I’m using VAR to forecast the spy using oil. I’m noticing that applying an oil shock does not affect pricing forcasting
I defined a function to apply an oil shock to the end of the data for simplicity
import yfinance as yf
import pandas_datareader.data as web
import pandas as pd
import numpy as np
from statsmodels.tsa.api import VAR
import matplotlib.pyplot as plt
def apply_shock(data, shock_key, total_shock_percentage, shock_periods):
if shock_key in data.columns and shock_periods > 0:
increment = total_shock_percentage / 100
print(f"Applying a total shock of {total_shock_percentage}% over {shock_periods} periods")
for i in range(shock_periods):
period_index = -(shock_periods - i)
date = data.index[period_index]
original_value = data[shock_key].iloc[period_index]

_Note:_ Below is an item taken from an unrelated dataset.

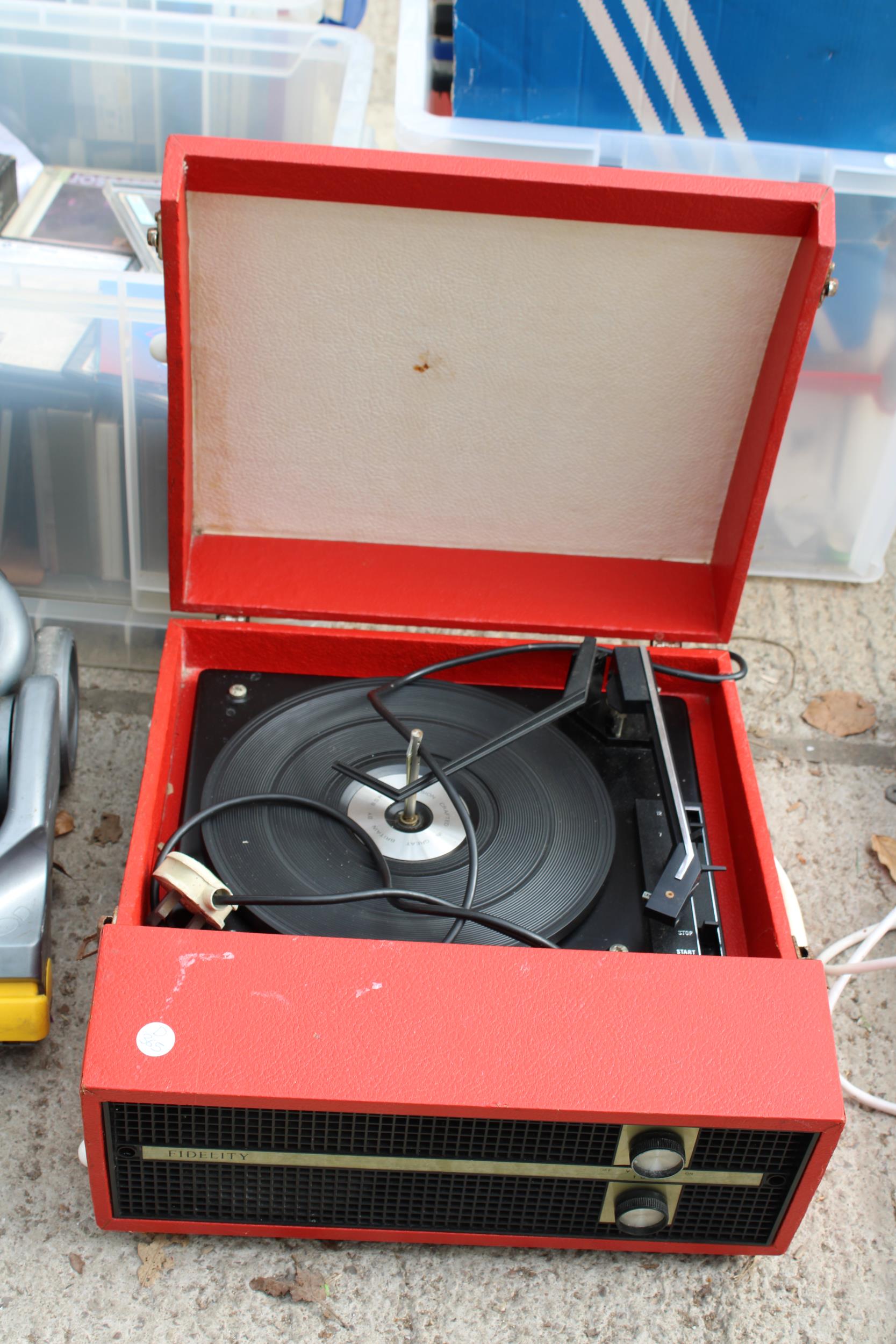 A FIDELITY RECORD PLAYER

shock_increment = original_value * ((i + 1) / shock_periods * increment)
data[shock_key].iloc[period_index] += shock_increment
print(f"Date {date}: Original {shock_key} value = {original_value:.4f}, Increment = {shock_increment:.4f}, Shocked {shock_key} value = {data[shock_key].iloc[period_index]:.4f}")
return data
Then I fetch the data and apply the VAR model
# Define the variables
startDate = '2000-01-01'
endDate = '2024-07-01'
periodsInMonths = 12
# Shock variables
total_shock_percentage = 30 # Total shock percentage
shock_periods = 5 # Number of periods to spread the shock over
shock_key = 'Oil' # The key in the data to which the shock should be applied
maxlags = 6
# Fetch data
data = pd.DataFrame()
# Fetch SPY data
spy = yf.download('SPY', start=startDate, end=endDate)
spy = spy['Adj Close']
spy = spy.tz_localize(None) # Remove timezone information
spy = spy.resample('M').ffill()
data['SPY'] = spy
# Fetch Oil data
oil = web.DataReader('DCOILWTICO', 'fred', start=startDate, end=endDate)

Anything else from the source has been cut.